Rajvinder Kaur et son conjoint, Randhir Singh, sont arrivés au Canada en 2015 «en détresse», rapportent-ils par l’entremise d’une interprète devant le bureau du député fédéral Marc Miller. Elle raconte qu’ils ont dû fuir l’Inde après qu’ils aient subi de la répression de la police locale.
L’avocat du couple, Me Stewart Istvanffy précise pour sa part que c’est le militantisme de Mme Kaur, à titre de cheffe de village, contre la détention et la torture d’habitants perpétrées par les autorités policières qui aurait attisé la colère de ces dernières.

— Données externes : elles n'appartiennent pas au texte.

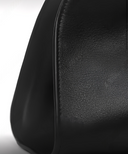 【一部ご予約商品】キトゥショルダークロスハンドBAG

«M. Singh, qui s’occupait d’un temple sikh, a été détenu puis sévèrement battu par la police locale après avoir offert un hébergement et de la nourriture à deux militants séparatistes en faveur du Khalistan. C’est avec un esprit de vengeance contre sa femme que la police a torturé M. Singh dès qu’elle en a eu l’occasion», explique Me Istvanffy, sur le trottoir de la rue Saint-Jacques.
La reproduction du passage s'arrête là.